Included among the participants were more than 20 Morris County School of Technology students enrolled in the Engineering Design and Advanced Manufacturing program at CCM. Those students worked on parts for a storage locker that was sent to the International Space Station and a toilet paper dispenser. Also in attendance were students from 10 other high schools located in New Jersey, Connecticut, Maryland, Massachusetts, New York and Pennsylvania.
Attending the ceremony as a special guest was astronaut Clayton Anderson. Speaking to the students, Anderson encouraged them to dream big and persevere, noting that he applied to NASA 15 times to become an astronaut.
“All people who dream are going to go on and do something great in life,” said Anderson.
 Dr.

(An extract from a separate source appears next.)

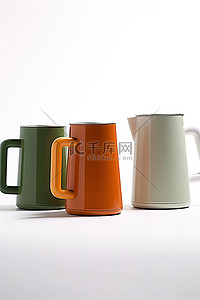 白色马克杯背景背景图片_白色背景中的三个不同颜色的咖啡壶
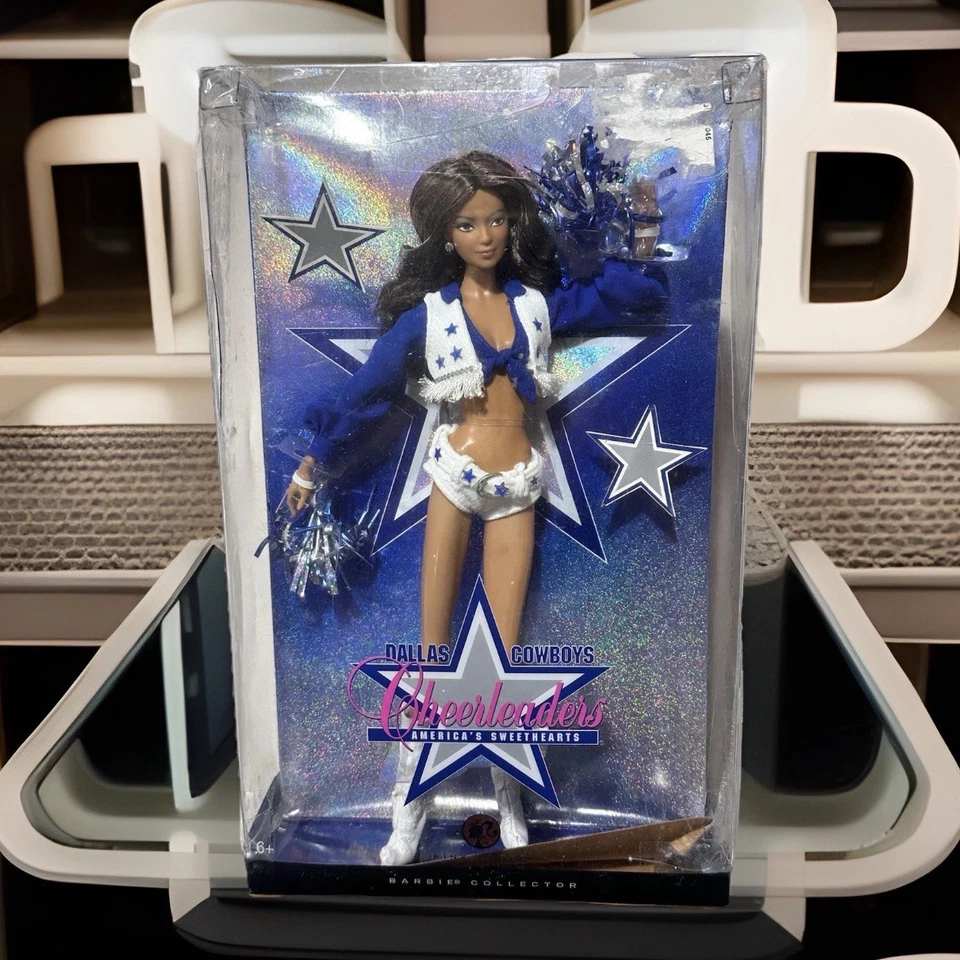 Dallas Cowboys Cheerleaders America’s Sweethearts Latina Barbie (non-mint Box)⭐️ - Image 2 of 4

Anthony J. Iacono, CCM’s president, encouraged the students to continue their good work.
 “You are among the very few to have this kind of experience,” he said. “Continue to be inspired and do great things in your life.”
Students praised the program. “It is a great experience,” said Nate Petricca, a CCM EDAM student. “I watch NASA programs on TV, but I never thought I’d be making stuff for space.”
Also attending the ceremony were Florence Gold, HUNCH implementation manager, and Stacy Hale, who founded the HUNCH program in 2003. Fourteen years later, HUNCH is now in 90 schools in 29 states.